Zahlrieche Personalrochaden

Zugleich soll die Betreuung im Vorstand für die Regionen neu geregelt werden. Energiesektor-Chef Michael Süß verantwortet künftig die Region USA, Kanada und Mexiko sowie den Mittleren Osten. Der für den Gesundheitssektor zuständige Hermann Requardt wird mit Südamerika und Japan betraut, und der Chef des Industriesektors, Siegfried Russwurm, betreut Europa, Afrika und die GUS-Staaten. Roland Busch, Chef des Sektors Infrastruktur & Städte, betreut die Region Asien (ohne Japan) und Australien.
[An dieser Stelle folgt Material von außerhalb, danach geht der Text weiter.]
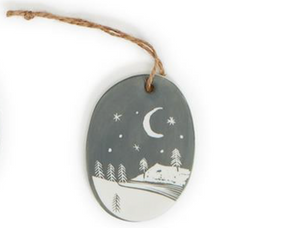 Oval Porcelain Quote Ornament  (10 Styles)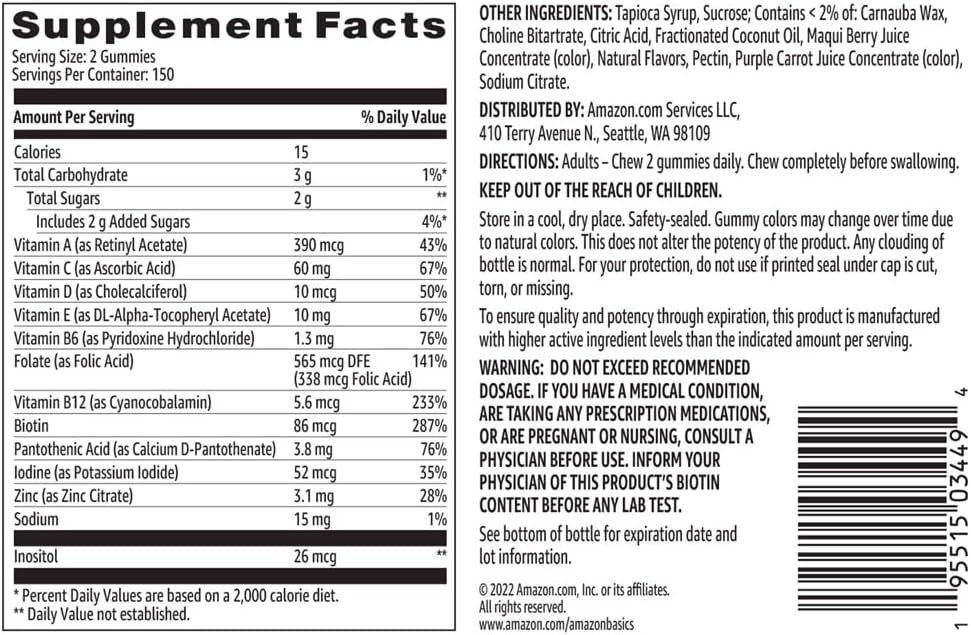 Multivitamínico en Gominolas para Adultos, Sabores Frutos del Bosque y Cereza, 300 Gominolas (2 Envases de 150)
Strukturelle Änderungen sind auch in den zentralen Konzerneinheiten geplant: So soll unter anderem die für Firmenkäufe und -verkäufe zuständige Abteilung („Mergers & Akquisitions“) der zentralen Konzernentwicklung zugeordnet werden, die direkt an den Vorstandsvorsitzenden berichtet. Außerdem wird beispielsweise die hausinterne Unternehmensberatung in die Strategieabteilung eingegliedert. „Mit der Stärkung und Straffung der zentralen Einheiten werden wir deutlich schlagkräftiger“, sagte Kaeser.
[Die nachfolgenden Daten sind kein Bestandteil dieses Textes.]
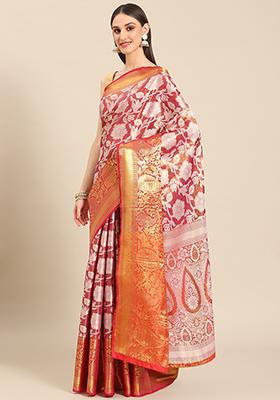Pink Tissue Silk Blend Saree With Blouse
Konzern vor Komplettumbau?

Laut einem Bericht des „Manager Magazins“ soll unter Kaesers Leitung auch ein kompletter Konzernumbau geplant sein. So solle voraussichtlich der Sektor Infrastruktur & Städte aufgelöst werden, berichtete das Magazin unter Berufung auf Insider. Konkrete Entscheidungen dürften im kommenden Frühjahr verkündet werden, zum Start des neuen Geschäftsjahres im Oktober 2014 solle Siemens dann bereits in einer neuen Struktur arbeiten.